Love is a Many Gothic Things - Bram Stoker's Dracula (1992)


If love never dies, it's bound to get angsty at some points. In Francis For Coppola's version of Dracula, the titular Count is more love-lorn aristocrat than twisted creature of the night. I'm writing about this adaptation on the holiest of holy love days,
Anna Howard Shaw Day because in Stoker's original novel, the love story is between Mina and Harker only. So what does the love that won't quit add to the myth of Dracula? Let's find out.


In the added prequel for the film, Dracula is made out to be Vlad the Impaler.

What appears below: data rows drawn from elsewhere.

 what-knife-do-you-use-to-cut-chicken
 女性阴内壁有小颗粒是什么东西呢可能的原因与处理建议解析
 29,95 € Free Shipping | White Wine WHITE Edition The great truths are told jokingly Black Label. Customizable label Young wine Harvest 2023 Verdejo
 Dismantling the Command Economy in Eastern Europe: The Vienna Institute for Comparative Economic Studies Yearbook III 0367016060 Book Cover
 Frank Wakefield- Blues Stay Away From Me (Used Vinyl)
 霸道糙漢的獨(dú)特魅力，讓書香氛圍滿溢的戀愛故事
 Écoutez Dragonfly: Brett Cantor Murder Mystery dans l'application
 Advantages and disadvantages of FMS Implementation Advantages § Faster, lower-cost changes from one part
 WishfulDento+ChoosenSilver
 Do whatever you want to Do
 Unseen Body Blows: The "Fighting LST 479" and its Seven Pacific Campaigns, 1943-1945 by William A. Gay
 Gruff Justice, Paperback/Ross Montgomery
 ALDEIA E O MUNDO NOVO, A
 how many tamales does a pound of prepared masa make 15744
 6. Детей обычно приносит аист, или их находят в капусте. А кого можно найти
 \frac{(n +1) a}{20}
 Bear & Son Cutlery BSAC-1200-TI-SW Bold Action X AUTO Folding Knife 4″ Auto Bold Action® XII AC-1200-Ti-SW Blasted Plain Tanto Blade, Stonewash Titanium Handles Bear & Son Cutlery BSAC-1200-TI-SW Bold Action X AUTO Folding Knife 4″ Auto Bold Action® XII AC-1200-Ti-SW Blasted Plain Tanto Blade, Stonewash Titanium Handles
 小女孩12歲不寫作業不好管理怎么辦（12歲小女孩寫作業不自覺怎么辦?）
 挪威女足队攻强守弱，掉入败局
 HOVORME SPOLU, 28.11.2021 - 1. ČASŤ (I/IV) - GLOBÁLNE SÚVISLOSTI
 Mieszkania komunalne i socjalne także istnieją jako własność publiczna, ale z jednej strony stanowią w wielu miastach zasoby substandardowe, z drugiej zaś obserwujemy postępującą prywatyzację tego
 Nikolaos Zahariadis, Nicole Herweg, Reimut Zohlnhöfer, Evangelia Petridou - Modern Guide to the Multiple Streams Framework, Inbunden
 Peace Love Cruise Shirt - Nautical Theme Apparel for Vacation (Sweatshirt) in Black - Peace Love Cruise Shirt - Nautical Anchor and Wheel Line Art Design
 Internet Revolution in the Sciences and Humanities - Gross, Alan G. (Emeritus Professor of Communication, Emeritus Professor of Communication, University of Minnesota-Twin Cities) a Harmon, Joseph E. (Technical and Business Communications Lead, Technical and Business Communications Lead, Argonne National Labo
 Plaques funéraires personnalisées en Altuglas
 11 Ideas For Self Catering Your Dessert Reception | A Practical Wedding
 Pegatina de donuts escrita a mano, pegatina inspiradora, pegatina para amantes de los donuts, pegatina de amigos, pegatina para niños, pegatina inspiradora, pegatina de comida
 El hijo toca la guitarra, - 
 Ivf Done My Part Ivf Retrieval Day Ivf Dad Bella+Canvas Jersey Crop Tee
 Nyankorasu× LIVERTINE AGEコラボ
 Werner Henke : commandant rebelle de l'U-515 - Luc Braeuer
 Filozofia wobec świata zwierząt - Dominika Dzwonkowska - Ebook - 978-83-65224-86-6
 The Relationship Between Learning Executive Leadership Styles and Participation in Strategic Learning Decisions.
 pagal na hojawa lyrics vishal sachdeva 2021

Upon his return home from a battle with the Turks he discovers that his beloved wife Elisabetta has committed suicide after receiving a false report of his death. Vlad then denounces the church and stabs a cross which bleeds which is amazing. We skip forward in time to 1897 to meet a young solicitor Johnathon Harker (Keanu Reeves) leaving his beloved fiancee Mina (Winona Ryder) back in London to meet with Count Dracula (Gary Oldman) who has inquired about buying some property. Right now this movie sounds like a 20/20 segment BUT it looks like this:


And this!:


Sooner or later you'll dance with the Reaper.
So, it's like the best 20/20 segment ever. We encounter Dracula who has an accent that drips like heavy candle wax and a speech pattern somewhere between Yoda and Mr. Miyagi. And I mean that as a compliment. Gary Oldman, along with the costume design, is the best damn thing in this movie. If Oldman is the best thing about this film, Reeves is the funniest. His expressions and line reading are somewhere between bemused and vaguely concerned. During all the craziness at the Dracula homestead, the Count catches a glimpse of a photograph of Mina that Harker has. The Count is certain that Mina is the reincarnation of his beloved Elisabetta. He packs up his coffins, boards a ship for London and makes himself look like a fancy Keith Richards to impress his would be lady-love.


The rest of the film devolves into Dracula following Mina around London and attempting to woo her, but at the same time he manages to turn her best friend the saucy Lucy (Sadie Frost) into a vampire, like a Victorian episode of Jerry Springer. Mina eventually realizes that she is in love with the Count and he begins her transformation into a vampire. Then they go back to his castle to make-out FOREVER. A bunch of men, including Anthony Hopkins as Van Helsing, follow them to stop Dracula and save Mina. After the initial tussle with the men Dracula is mortally wounded, Van Helsing and Harker allow Mina to take him away. Dracula asks Mina to put him out of his misery, she does so by stabbing him in the heart. As he dies, Mina returned to her human state and the fresco above them (what? you don't have one in your apartment?) changes to show Vlad and Elisabetta ascending to heaven. Awwwwwwwwwwwwww.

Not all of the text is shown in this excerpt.